I couldn’t believe both Joy and her grandmother seemed set on testing my nerves this evening.
My daughter had done it earlier, when she’d shown up late to work, in the company of Graydon Faas. I’d jumped down her throat the minute she’d walked in the kitchen door. We’d had a furious fight about where she’d been all day and what she’d been doing, but she refused to answer any of my questions, or apologize for ignoring my many worried cell phone messages.
All night, I couldn’t help noticing how Joy and Graydon kept lightly brushing against each other, exchanging subtle touches. With alarm, I realized just how little I knew about this surfer-waiter “dude.” Graydon was a good worker and a quick study with the barista techniques. But I could have described Treat Mazzelli the same way, and he’d ended up being a systematic womanizer. (I couldn’t very well blame him for the bullet in his brain since I didn’t even believe it was meant for him. Nevertheless, where my daughter’s happiness was concerned, I considered womanizing bad enough, thank you very much!)

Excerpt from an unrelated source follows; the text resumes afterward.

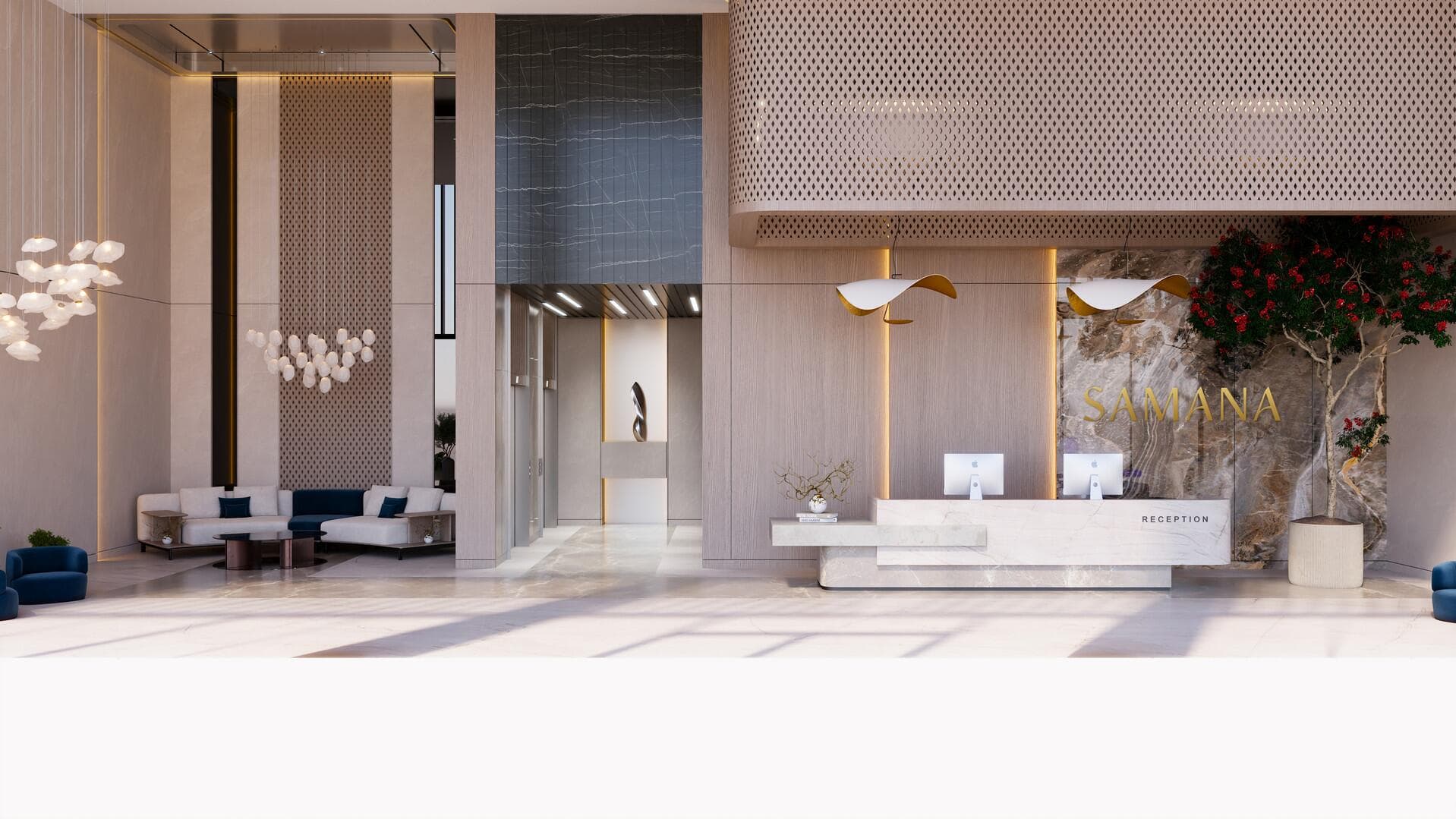 Samana Resorts - Infrastructure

At the moment, I couldn’t discuss my thousand-and-one worries with Joy, but, considering the way Treat had ended up, I felt I had a right to butt in and grill her about her relationship with Graydon. When we finally had some privacy, I intended to do just that. I also intended to quiz Joy’s grandmother. Here she was, flirting shamelessly with a man about whom I knew even less than Mr. Faas.
“Why don’t I take your orders?” I suggested, glancing over my shoulder to make sure my other customers weren’t getting antsy. “We can chat again when I bring your food.”
“Very good,” said Edward with a smile.
“We’re just having dessert and coffee tonight,” Madame said. She pulled a delicate pair of vermilion reading glasses out of her clutch, balanced them on the end of her nose and looked over my pairings menu.